Star Trek TNG is still as dumb as it was then, though it lacks even the appeal of any serious cheesiness.

Etc.

The one 80s show that holds up even today is The Greatest American Hero. It’s just as dumb and cheesy today as it was then. Culp at least gave it a wee bit of (cheesy, of course) campiness. Oh, and it did have the picturesque (though lackluster acting of) Connie Selleca. There’s that. G-rated pinup girl for The Greatest American Hero.

But. . . there’s not much else that I find appealing about 80s shows today. In that, they share my evaluation of almost all contemporary TV shows: Stupid, without even the appeal of mockable cheesiness.

Too bad the Rockford Files stopped in 1980. If it had not, I’d have an 80s show to watch for something other than mockable stupidity or cheesiness.

Maybe I should only watch movies on our TV. Oh, wait. Stupid movies, too.

Oh, well. Perhaps I’m not meant to own a TV? No, wait. There are still good movies to watch, just not many made nowadays. Some Bruce Campbell “B” (or “C”) movies for camp. Archived copies of “Matilda,” “Johnny English,” etc. IOW, real classics. *heh*

What?!? When Does THAT Happen?

Feeling a wee bit ambivalent. Disconcerted but thankful. Ins paid a larger percentage of ER bill for my Wonder Woman’s broken arm) than it promised to pay (on policy). How often does that happen?

(*scratches head and says to self* Don’t rock the boat, bubba.)

Talking to the Dead

I have fun reading book blurbs of books I’ll never read. Take a recent blurb about a “cozy paranormal mystery” featuring two young women, “One a baker, the other a mortician’s assistant, and both blessed (or cursed) with the gift of talking to the dead. . . ”

OK, even leaving aside the stupidity of the supposed “gift/curse,” methinks the blurb writer should go back to Remedial Blurb Writing 101. ANYONE can talk TO the dead, or pretend to (or delude themselves into thinking they are). I’d not expect any real two way conversations, but imagining one is talking TO dead people is something many folks do. Not me, but others seem to do so.

But, if I were dead and just hanging around (although I rank that as happening somewhere around the Twelfth of Never), I wouldn’t stand for being talked to by some flesh puppet. Nope. Wanna talk to me? Buh-bye!

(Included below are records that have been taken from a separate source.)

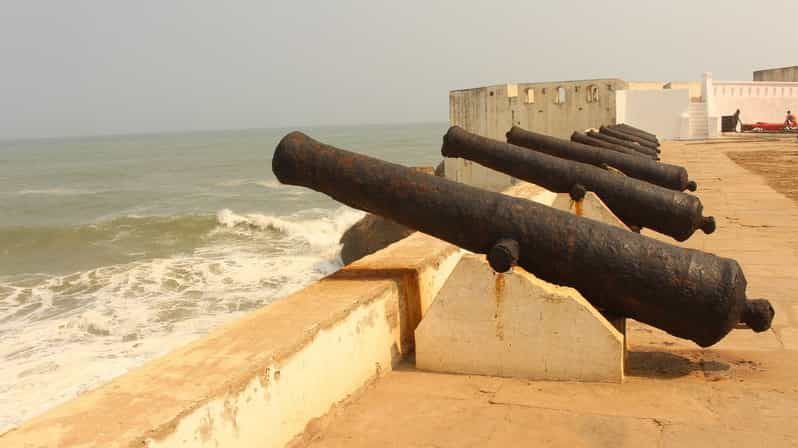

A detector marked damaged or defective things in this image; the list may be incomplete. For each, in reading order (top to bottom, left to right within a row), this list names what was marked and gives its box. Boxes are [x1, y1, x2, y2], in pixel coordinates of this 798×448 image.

rusty cannon [506, 125, 700, 192]
rusty cannon [572, 131, 660, 161]
rusty cannon [584, 129, 660, 158]
rusty cannon [604, 126, 660, 152]
rusty cannon [612, 123, 664, 146]
rusty cannon [446, 126, 716, 243]
rusty cannon [274, 130, 776, 346]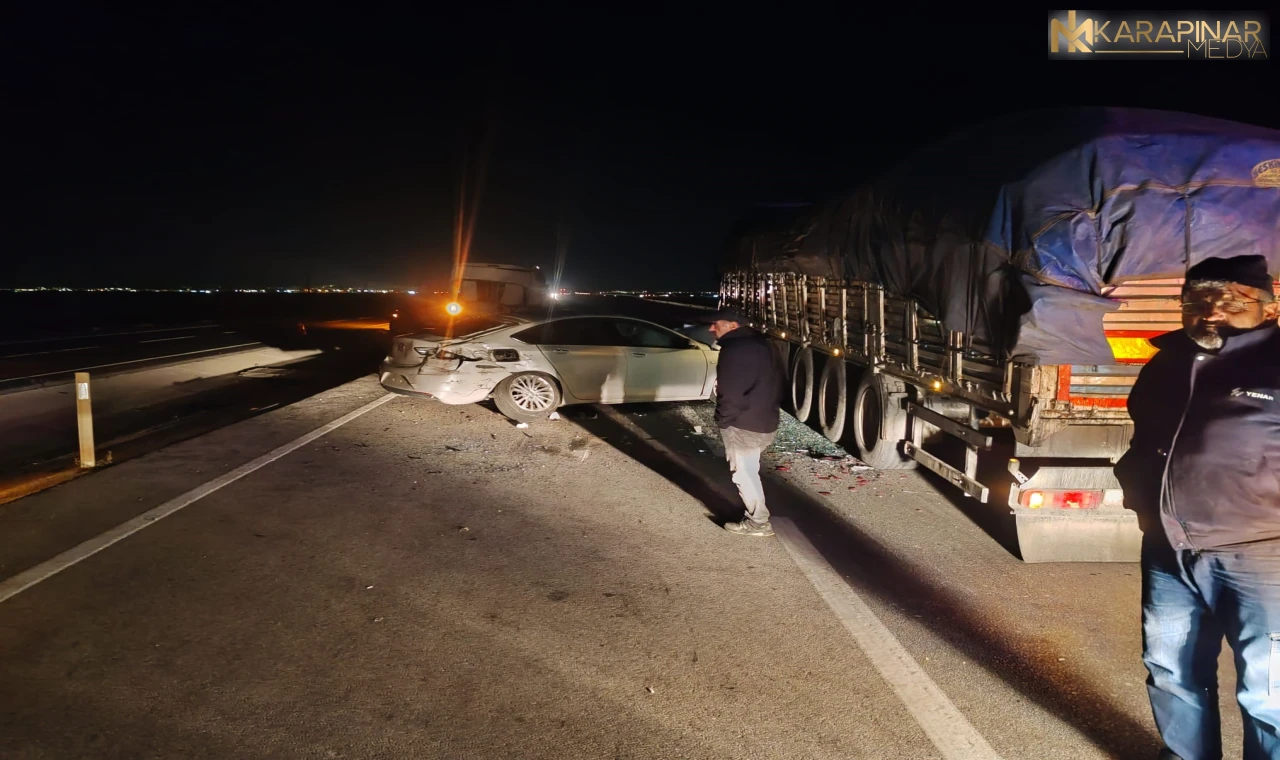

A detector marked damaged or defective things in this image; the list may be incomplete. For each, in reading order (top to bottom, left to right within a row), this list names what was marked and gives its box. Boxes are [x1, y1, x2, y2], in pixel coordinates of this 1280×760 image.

More seriously, what’s the appeal of necromancy, eh? I mean, #gagamaggot.

Warning Shots

Always fire a warning shot. There are two main camps on the subject of warning shots: in the air and into the ground. I demur. The best warning shot is center of mass. It conserves ammo and definitely gets the message across with little chance of misunderstanding. (Center of mass warning shots also minimize collateral damage.)

One should always continue offering proper warning shots until an aggressor’s off switch is fully engaged, although, if the aggressor’s off switch is not located near his center of mass, a polite tap-to-the-head warning shot might be required. Oh, be ultra polite and make it two.